__Instructions to follow__. Leave every picture out, and print the full listing again exactly.
============================================================
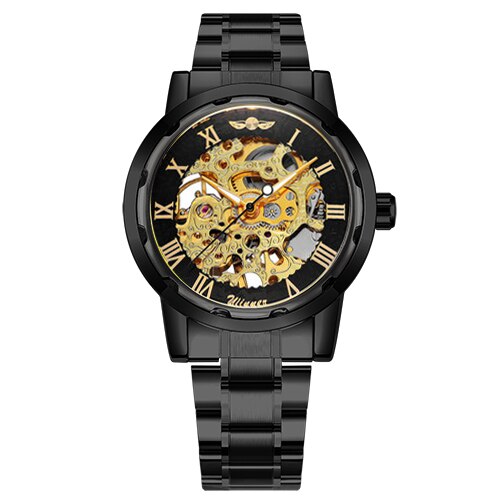 Mechanical Mens Watches Skeleton Gold Watch Men Luxury Fashion Wrist Watch Stainless Steel Strap Business-14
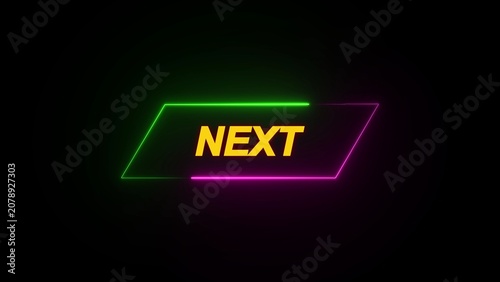 Next text with yellow and neon green pink border on black background word transition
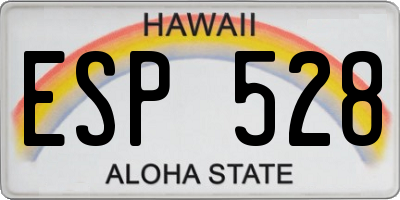 HI license plate ESP528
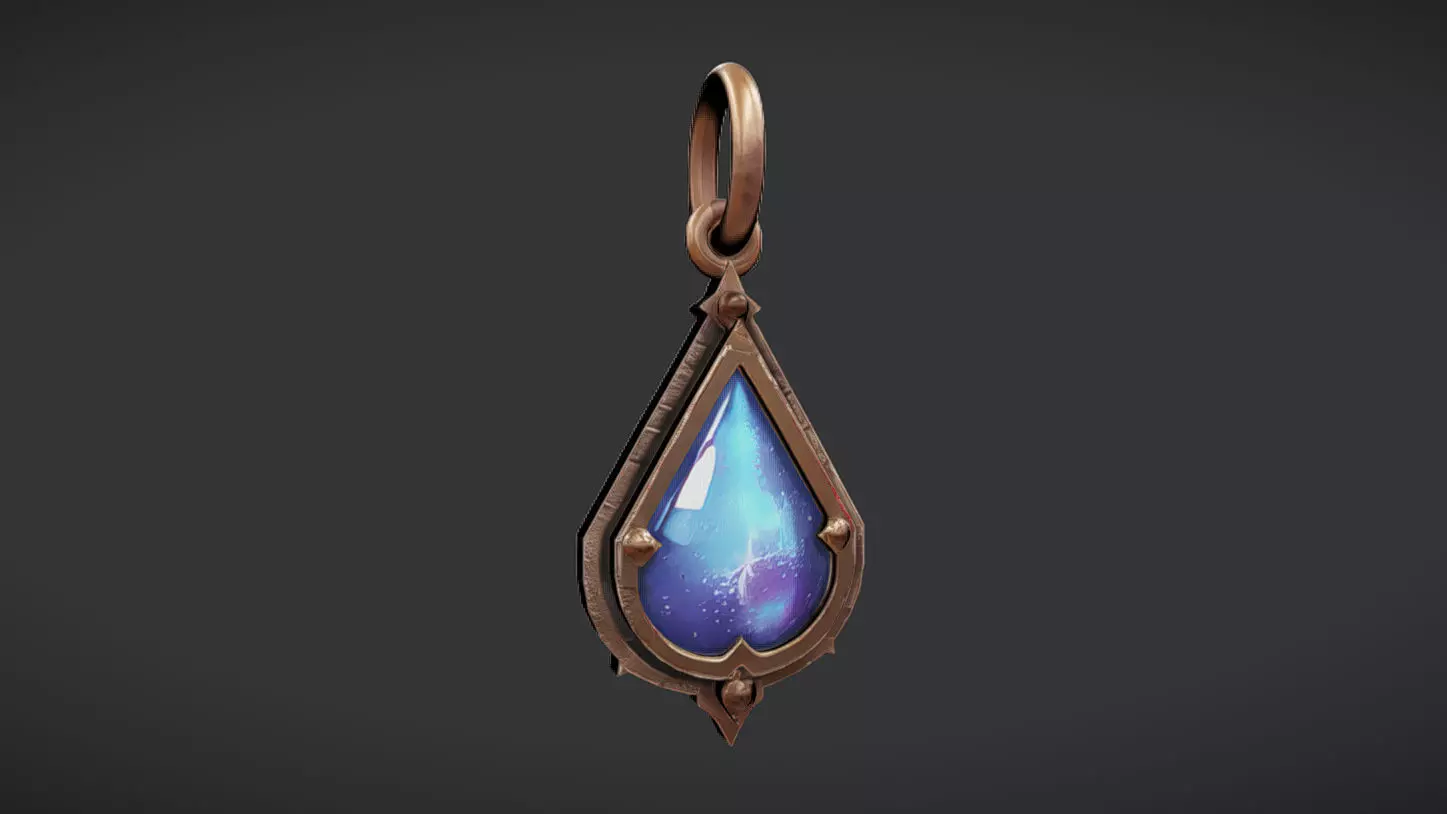 ornate teardrop-shaped pendant 3D model_0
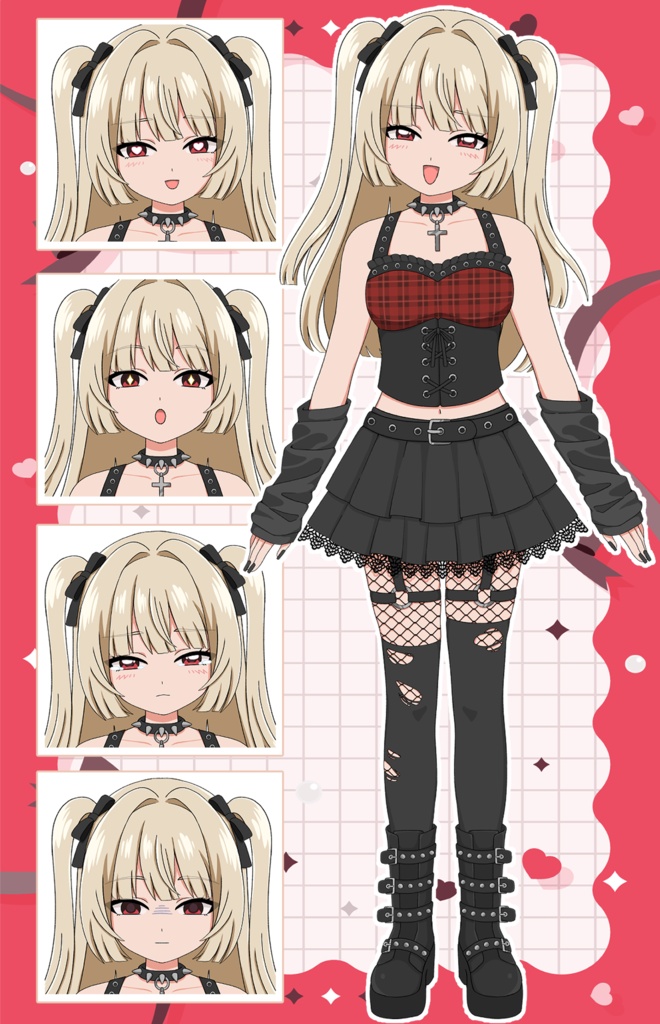 【アニメ作画風】ゴスパンクな女の子【限定1点】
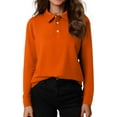 thumbnail image 2 of LTTVQM Saffron Girls Uniform Tops Long Sleeve Top Casual Button Down Uniform Shirts 2025 New with Collar Golf Polo Shirts Lightweight Blouse Saffron 3-4 Years, 2 of 6
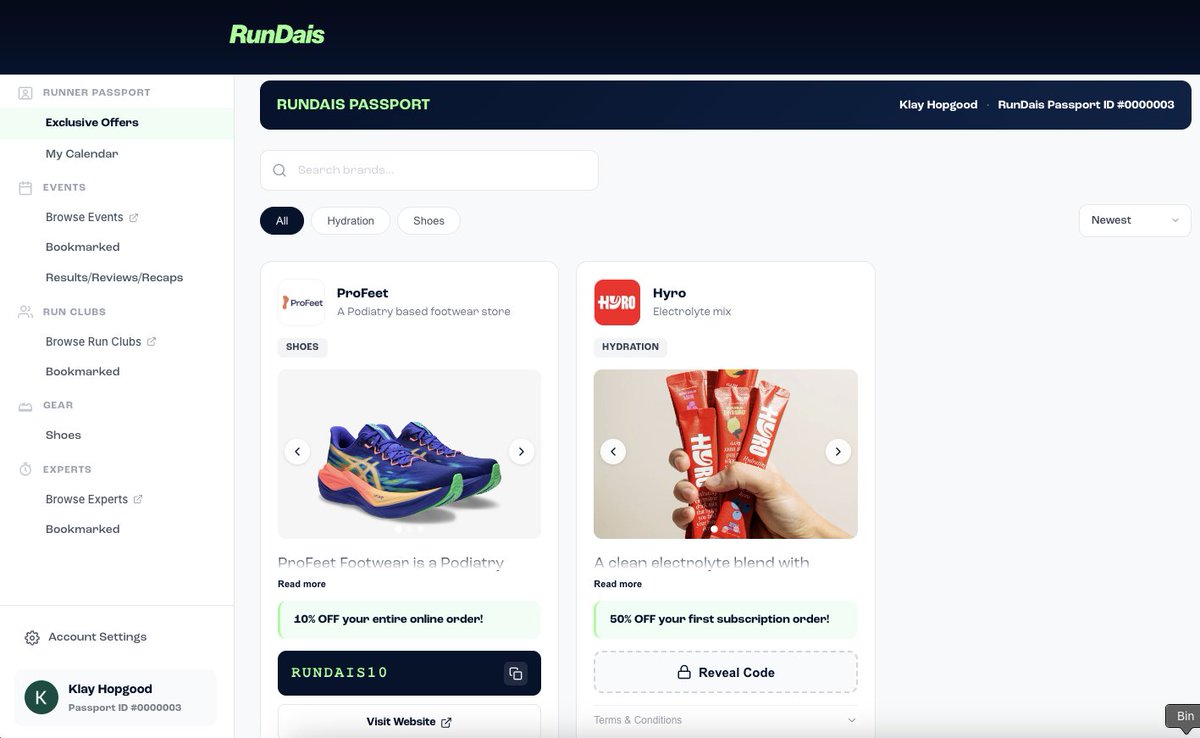 A look at our recently updated user dashboard that we released in Beta a couple of days ago, with the current "Exclusive Offers"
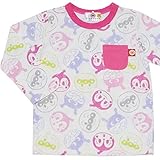 2017年 春物 アンパンマン 天竺 フェイス総柄プリント 長袖Tシャツ ANPANMAN 首周り-ピンク◇80cm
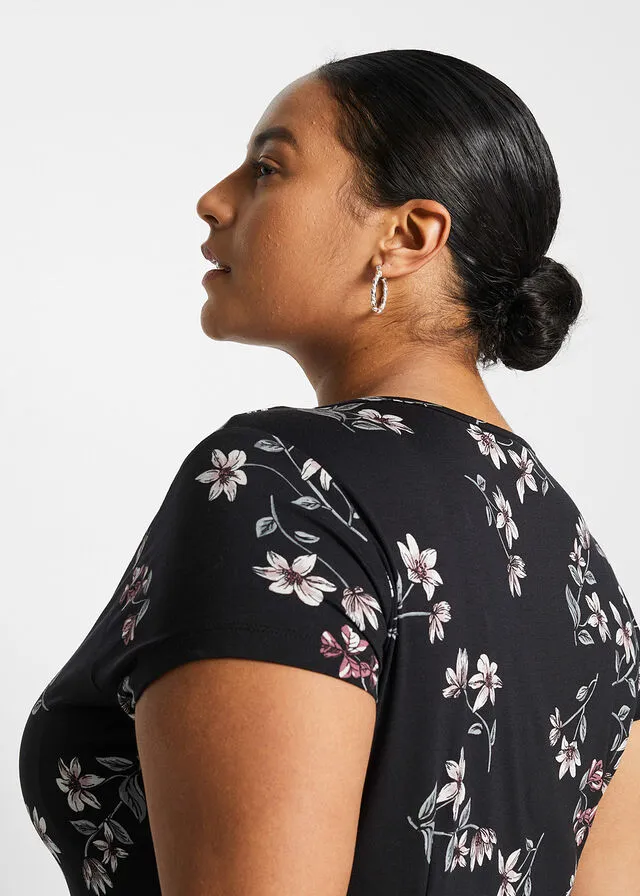 Vestido de punto Negro con flores
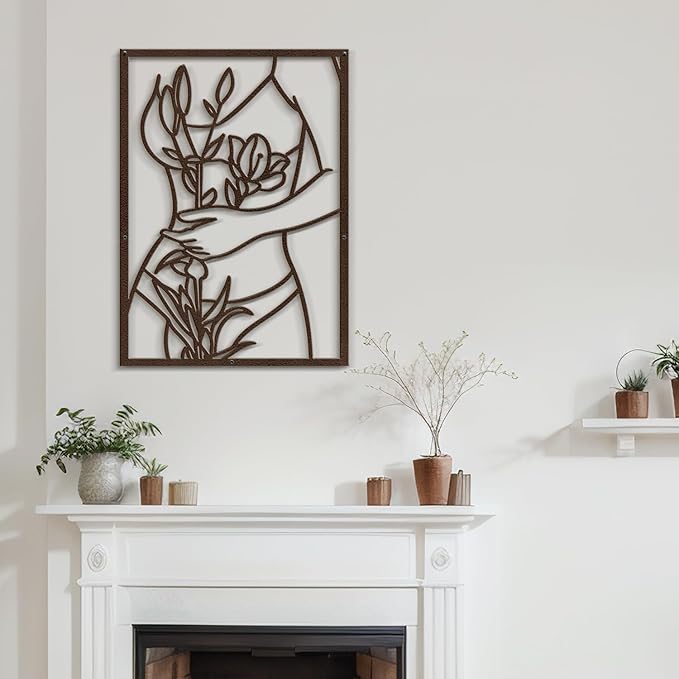 SIGNLEADER Metal Wall Art Decor Women Body Line Modern Abstract Wall Sculpture Hangings Home Decoration for Living Room, Bedroom, Bathroom, Kitchen, Outdoor - 18" Bronze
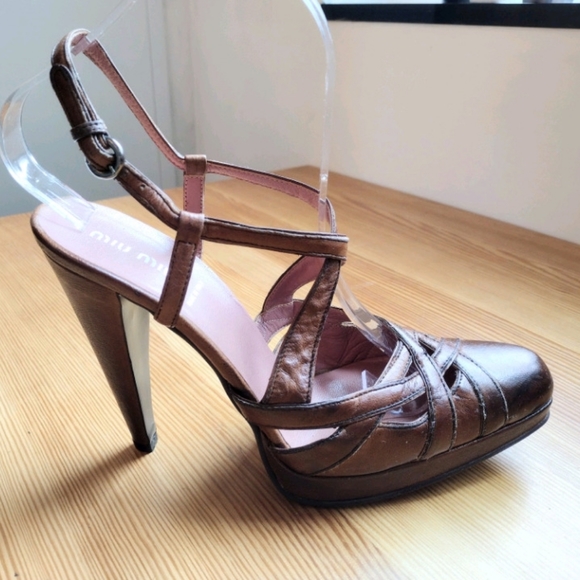MIU MIU by Prada open back brown sandal Sz 38.5 ITALY - Picture 2 of 6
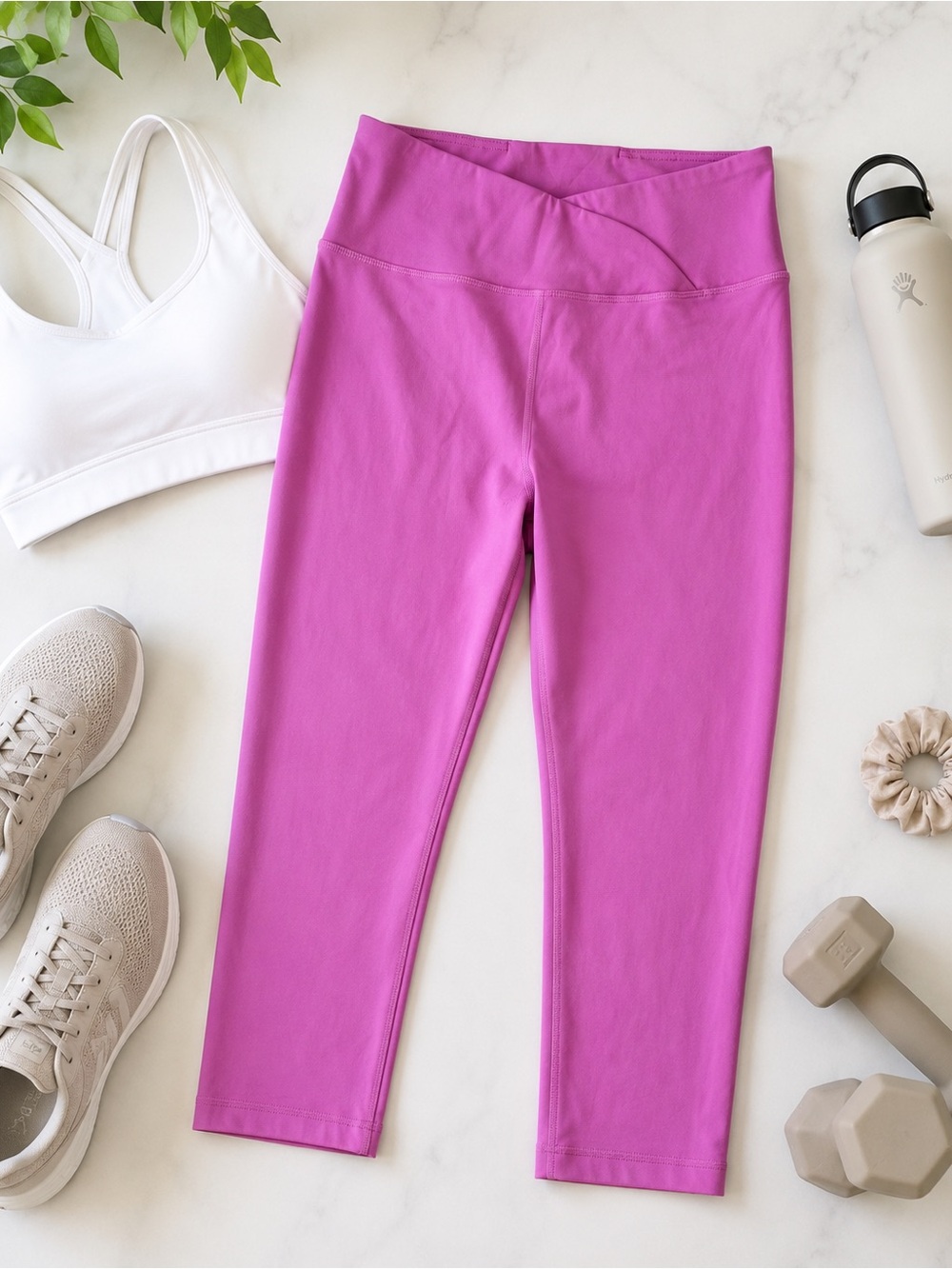 90 Degree By Reflex Pink Crossover High Waist Capri Leggings Women’s M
============================================================
__Response to this exercise__.
 Mechanical Mens Watches Skeleton Gold Watch Men Luxury Fashion Wrist Watch Stainless Steel Strap Business-14
 Next text with yellow and neon green pink border on black background word transition
 HI license plate ESP528
 ornate teardrop-shaped pendant 3D model_0
 【アニメ作画風】ゴスパンクな女の子【限定1点】
 thumbnail image 2 of LTTVQM Saffron Girls Uniform Tops Long Sleeve Top Casual Button Down Uniform Shirts 2025 New with Collar Golf Polo Shirts Lightweight Blouse Saffron 3-4 Years, 2 of 6
 A look at our recently updated user dashboard that we released in Beta a couple of days ago, with the current "Exclusive Offers"
 2017年 春物 アンパンマン 天竺 フェイス総柄プリント 長袖Tシャツ ANPANMAN 首周り-ピンク◇80cm
 Vestido de punto Negro con flores
 SIGNLEADER Metal Wall Art Decor Women Body Line Modern Abstract Wall Sculpture Hangings Home Decoration for Living Room, Bedroom, Bathroom, Kitchen, Outdoor - 18" Bronze
MIU MIU by Prada open back brown sandal Sz 38.5 ITALY - Picture 2 of 6
 90 Degree By Reflex Pink Crossover High Waist Capri Leggings Women’s M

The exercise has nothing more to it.